> Action item
Whatever comes before the line containing "KIA Sportage EXCLUSIVE" stays out; transcribe that line and all that follow to the end of the records exactly, with no pictures.
═════ Record extracts ═════
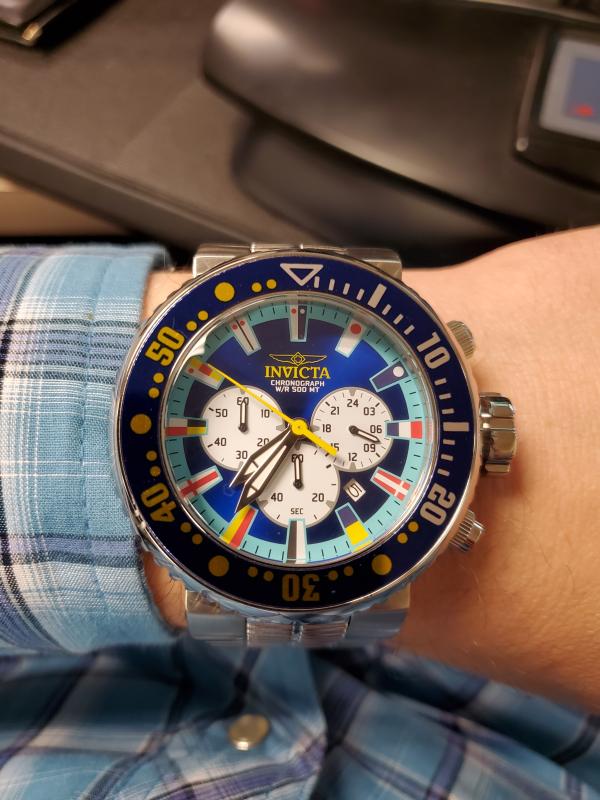 Invicta 27660 shop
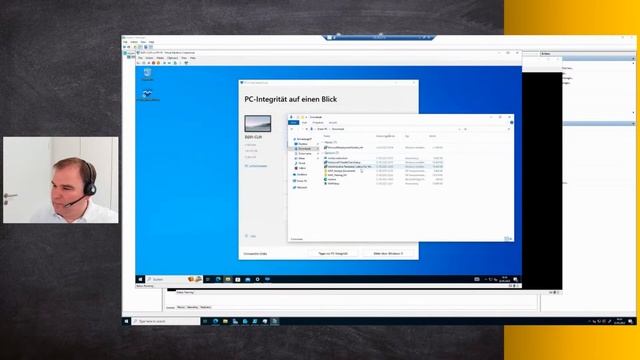 Im Unternehmensnetzwerk von Windows 10 auf Windows 11 migrieren смотреть онлайн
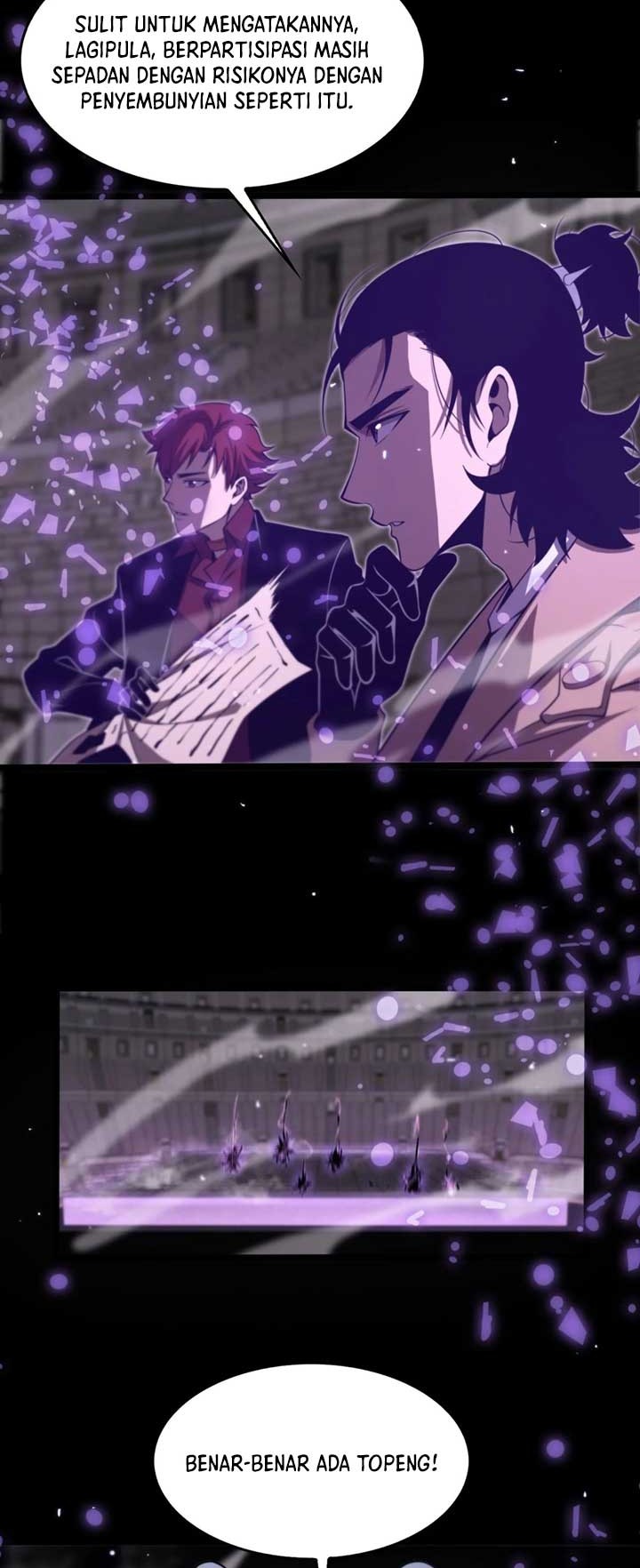 World’s Apocalypse Online Chapter 144 - halaman 36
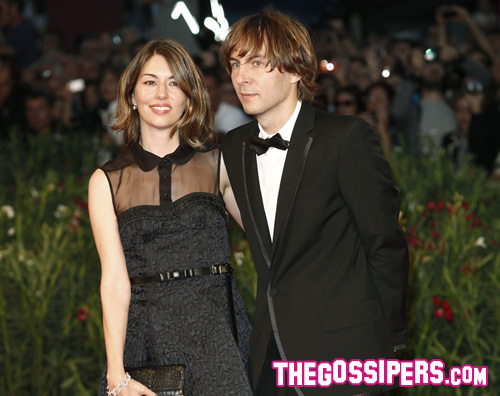 coppola thomas Sofia Coppola sposa in Italia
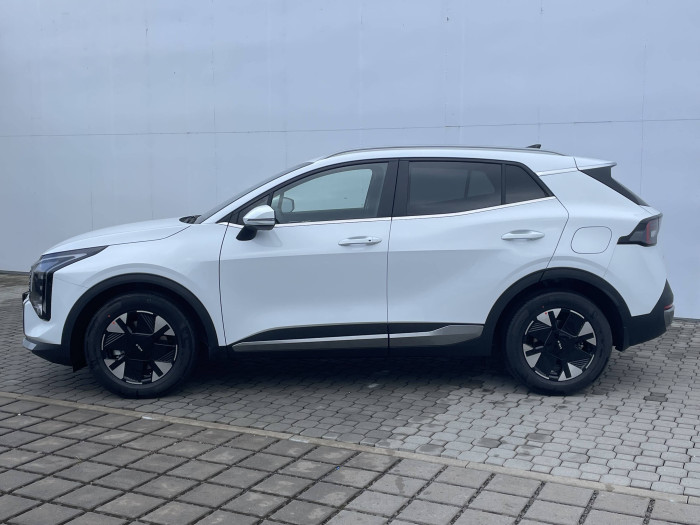 KIA Sportage EXCLUSIVE 1,6 T-GDi / 110kW na operativní leasing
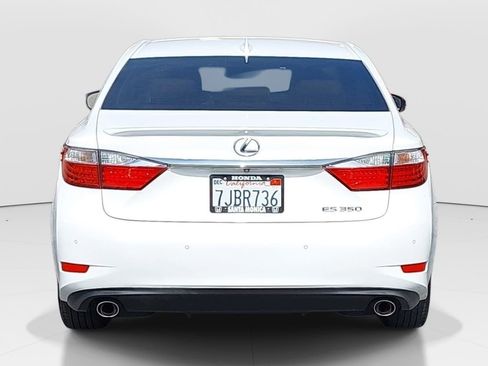 Used 2015 Lexus ES 350 w/ Premium Package image 6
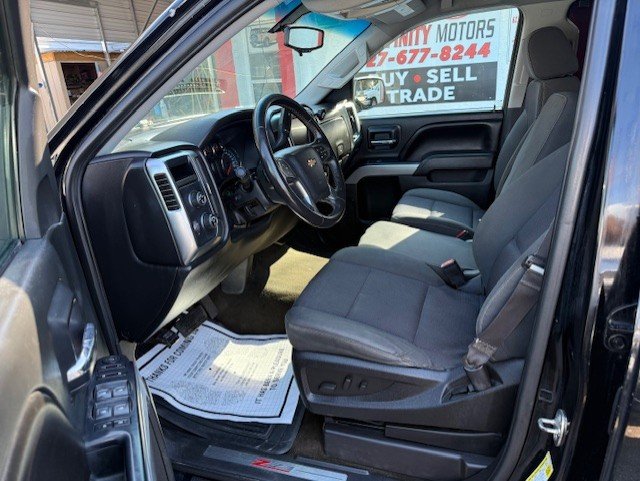 2015 Chevrolet Silverado 1500 - $11,888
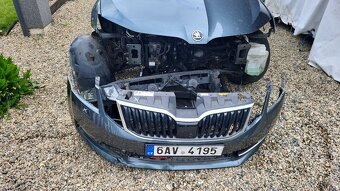 ŠKODA KAMIQ. VÝŘEZOVÉ DÍLY KAROSERIE - 2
═════
> Written solution
 KIA Sportage EXCLUSIVE 1,6 T-GDi / 110kW na operativní leasing
 Used 2015 Lexus ES 350 w/ Premium Package image 6
 2015 Chevrolet Silverado 1500 - $11,888
 ŠKODA KAMIQ. VÝŘEZOVÉ DÍLY KAROSERIE - 2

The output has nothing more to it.